> WHAT YOU HAVE TO DO
In the records below, begin at the line containing "SANTONI: Тёмные туфли" and end at the line containing "Tattoo by @hutch_tat"; quote every line in that span exactly, including both boundary lines, and no others.

Stored items from a collection:
==*==

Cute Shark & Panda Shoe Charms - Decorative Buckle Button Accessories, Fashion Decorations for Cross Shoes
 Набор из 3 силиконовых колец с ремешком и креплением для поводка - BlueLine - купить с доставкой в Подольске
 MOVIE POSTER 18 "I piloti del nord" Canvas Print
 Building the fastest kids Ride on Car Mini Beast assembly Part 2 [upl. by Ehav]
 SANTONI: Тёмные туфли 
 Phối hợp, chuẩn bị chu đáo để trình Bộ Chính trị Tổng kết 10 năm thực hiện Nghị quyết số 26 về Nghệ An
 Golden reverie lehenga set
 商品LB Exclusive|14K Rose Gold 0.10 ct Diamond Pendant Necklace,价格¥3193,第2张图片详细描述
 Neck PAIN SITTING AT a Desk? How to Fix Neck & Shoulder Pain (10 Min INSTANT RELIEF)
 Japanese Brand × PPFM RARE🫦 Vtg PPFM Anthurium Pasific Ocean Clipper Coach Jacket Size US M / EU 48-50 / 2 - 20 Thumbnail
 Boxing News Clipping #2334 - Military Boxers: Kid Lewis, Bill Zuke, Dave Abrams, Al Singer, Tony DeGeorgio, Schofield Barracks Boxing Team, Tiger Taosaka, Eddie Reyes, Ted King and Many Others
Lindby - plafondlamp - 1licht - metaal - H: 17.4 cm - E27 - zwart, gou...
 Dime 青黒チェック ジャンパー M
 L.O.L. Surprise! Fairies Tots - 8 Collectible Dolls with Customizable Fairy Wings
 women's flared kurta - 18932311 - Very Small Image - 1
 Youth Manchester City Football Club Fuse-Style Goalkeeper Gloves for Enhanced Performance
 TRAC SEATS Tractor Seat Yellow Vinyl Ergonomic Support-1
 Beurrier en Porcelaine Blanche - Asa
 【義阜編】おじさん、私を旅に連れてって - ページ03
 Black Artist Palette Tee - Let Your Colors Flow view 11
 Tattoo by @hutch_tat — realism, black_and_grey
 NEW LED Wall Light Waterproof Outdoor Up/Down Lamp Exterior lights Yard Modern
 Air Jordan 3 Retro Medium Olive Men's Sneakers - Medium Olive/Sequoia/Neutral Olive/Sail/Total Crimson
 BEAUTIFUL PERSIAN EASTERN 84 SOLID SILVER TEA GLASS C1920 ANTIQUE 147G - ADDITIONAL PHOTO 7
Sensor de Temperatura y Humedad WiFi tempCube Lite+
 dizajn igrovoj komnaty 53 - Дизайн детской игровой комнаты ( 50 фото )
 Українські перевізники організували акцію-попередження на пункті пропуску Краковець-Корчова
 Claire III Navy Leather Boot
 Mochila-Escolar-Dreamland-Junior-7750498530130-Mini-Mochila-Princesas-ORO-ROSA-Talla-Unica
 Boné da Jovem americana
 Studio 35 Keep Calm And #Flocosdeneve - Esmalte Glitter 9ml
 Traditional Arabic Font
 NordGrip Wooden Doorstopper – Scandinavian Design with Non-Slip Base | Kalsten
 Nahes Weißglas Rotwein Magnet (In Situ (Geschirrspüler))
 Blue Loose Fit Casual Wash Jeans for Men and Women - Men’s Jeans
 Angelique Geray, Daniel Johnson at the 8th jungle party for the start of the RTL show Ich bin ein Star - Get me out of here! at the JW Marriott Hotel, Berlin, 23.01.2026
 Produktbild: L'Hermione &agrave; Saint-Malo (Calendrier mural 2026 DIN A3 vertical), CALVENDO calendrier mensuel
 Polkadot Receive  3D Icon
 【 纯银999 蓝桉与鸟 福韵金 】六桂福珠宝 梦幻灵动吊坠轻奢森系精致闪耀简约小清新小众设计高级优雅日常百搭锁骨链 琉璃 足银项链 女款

==*==

> TASK OUTPUT
 SANTONI: Тёмные туфли 
 Phối hợp, chuẩn bị chu đáo để trình Bộ Chính trị Tổng kết 10 năm thực hiện Nghị quyết số 26 về Nghệ An
 Golden reverie lehenga set
 商品LB Exclusive|14K Rose Gold 0.10 ct Diamond Pendant Necklace,价格¥3193,第2张图片详细描述
 Neck PAIN SITTING AT a Desk? How to Fix Neck & Shoulder Pain (10 Min INSTANT RELIEF)
 Japanese Brand × PPFM RARE🫦 Vtg PPFM Anthurium Pasific Ocean Clipper Coach Jacket Size US M / EU 48-50 / 2 - 20 Thumbnail
 Boxing News Clipping #2334 - Military Boxers: Kid Lewis, Bill Zuke, Dave Abrams, Al Singer, Tony DeGeorgio, Schofield Barracks Boxing Team, Tiger Taosaka, Eddie Reyes, Ted King and Many Others
Lindby - plafondlamp - 1licht - metaal - H: 17.4 cm - E27 - zwart, gou...
 Dime 青黒チェック ジャンパー M
 L.O.L. Surprise! Fairies Tots - 8 Collectible Dolls with Customizable Fairy Wings
 women's flared kurta - 18932311 - Very Small Image - 1
 Youth Manchester City Football Club Fuse-Style Goalkeeper Gloves for Enhanced Performance
 TRAC SEATS Tractor Seat Yellow Vinyl Ergonomic Support-1
 Beurrier en Porcelaine Blanche - Asa
 【義阜編】おじさん、私を旅に連れてって - ページ03
 Black Artist Palette Tee - Let Your Colors Flow view 11
 Tattoo by @hutch_tat — realism, black_and_grey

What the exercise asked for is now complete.